On Sun, 2010-10-10, Stefan Fuhrmann wrote:
> On 07.10.2010 16:07, Julian Foad wrote:
> >> New Revision: 997203
> >>
> >> URL: http://svn.apache.org/viewvc?rev=997203&view=rev
> >> Log:
> >> Merge r985037, r985046, r995507 and r995603 from the performance branch.
> >>
> >> These changes introduce the svn_stringbuf_appendbyte() function, which has
> >> significantly less overhead than svn_stringbuf_appendbytes(), and can be
> >> used in a number of places within our codebase.
> > Hi Stefan2.
> >
> > I have been wondering about the actual benefit of such tightly
> > hand-optimized code. Today I got around to giving it a quick spin.
> >
> > In my first test, it made no difference whatsoever, because the
> > optimized code is never executed. The recent merge r1002898 of r1001413
> > from the performance branch introduced a bug:
> >
> > - if (str->blocksize> old_len + 1)
> > + if (str->blocksize< old_len + 1)
> WTF how did that happen?
> Well, that's what reviews are for ;)
> > which totally disables the optimized code path.
> >
> > Fixed in r1005437.
> Thanks.
> > That solved, a loop doing a million simple appendbyte calls runs more
> > than twice as fast as calling appendbytes(..., 1). That's fantastic.
> >
> > But what about that hand-optimization? I wrote a simple version of the
> > function, and called it 'appendbyte0':
> >
> > svn_stringbuf_appendbyte0(svn_stringbuf_t *str, char byte)
> > {
> > if (str->blocksize> str->len + 1)
> > {
> > str->data[str->len++] = byte;
> > str->data[str->len] = '\0';
> > }
> > else
> > svn_stringbuf_appendbytes(str,&byte, 1);
> > }
> >
> > Here are the results (see full patch attached):
> >
> > Times: appendbytes appendbyte0 appendbyte (in ms)
> > run: 89 31 34
> > run: 88 30 35
> > run: 88 31 34
> > run: 88 30 34
> > run: 88 31 34
> > min: 88 30 34
> >
> > This tells me that the hand-optimization is actually harmful and the
> > compiler does a 10% better job by itself.
> >
> > Have I made a mistake?
> My guess is that you might have made two mistakes actually.
Heh, OK.
> First, the number of operations was relatively low - everything
> in the low ms range could be due to secondary effects (and
> still be repeatable).
I can't think of any reason why. I ran the whole benchmark lots of
times. Occasionally some of the times were a big chunk longer due to
other system activity. Normally they were stable. I also ran it
several times with 10 million ops instead of 1 million, and the results
were exactly 10x longer with the same degree of variability.

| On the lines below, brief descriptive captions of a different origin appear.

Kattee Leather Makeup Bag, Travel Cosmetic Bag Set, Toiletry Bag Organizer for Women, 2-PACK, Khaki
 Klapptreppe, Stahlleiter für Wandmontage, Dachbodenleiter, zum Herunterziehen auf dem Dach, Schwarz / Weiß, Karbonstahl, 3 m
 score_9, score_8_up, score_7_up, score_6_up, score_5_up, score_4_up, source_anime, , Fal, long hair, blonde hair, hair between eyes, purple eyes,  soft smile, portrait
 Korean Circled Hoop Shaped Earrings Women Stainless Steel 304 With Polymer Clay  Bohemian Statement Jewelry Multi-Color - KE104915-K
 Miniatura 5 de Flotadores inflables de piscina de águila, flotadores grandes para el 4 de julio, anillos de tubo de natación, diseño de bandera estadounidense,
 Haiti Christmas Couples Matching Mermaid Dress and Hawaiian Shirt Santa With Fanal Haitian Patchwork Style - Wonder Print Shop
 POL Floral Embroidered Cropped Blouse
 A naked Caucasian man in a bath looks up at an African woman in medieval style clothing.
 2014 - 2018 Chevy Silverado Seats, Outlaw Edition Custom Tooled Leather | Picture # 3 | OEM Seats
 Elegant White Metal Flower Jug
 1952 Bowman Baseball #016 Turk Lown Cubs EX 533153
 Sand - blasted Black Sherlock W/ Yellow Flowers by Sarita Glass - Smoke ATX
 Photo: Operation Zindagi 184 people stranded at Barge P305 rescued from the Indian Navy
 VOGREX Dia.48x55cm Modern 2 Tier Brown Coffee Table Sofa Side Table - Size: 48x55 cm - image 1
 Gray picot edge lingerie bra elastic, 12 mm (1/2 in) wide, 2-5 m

> The most important problem would be compiler optimizations
> or lack thereof. Since the numbers are very large (50..100
> ticks per byte, depending on your CPU clock), I would assume
> that you used a normal debug build for testing. In that case,
You're right. I'll try again, with "--disable-debug -O2".
> the actual number of C statements has a large impact on
> the execution time. See my results below for details.
> > What are the results for your system?
> >
> > (I'm using GCC 4.4.1 on an Intel Centrino laptop CPU.)
> >
> Test code used (10^10 calls, newer re-allocate):
>
> int i;
> unsigned char c;
>
> svn_stringbuf_t* s = svn_stringbuf_create_ensure (255, pool);
OK so you're avoiding any calls to the "re-alloc". My tests included
re-allocs, but were long enough strings that this wasn't much overhead.
Nevertheless I'll avoid re-allocs so we can compare results fairly.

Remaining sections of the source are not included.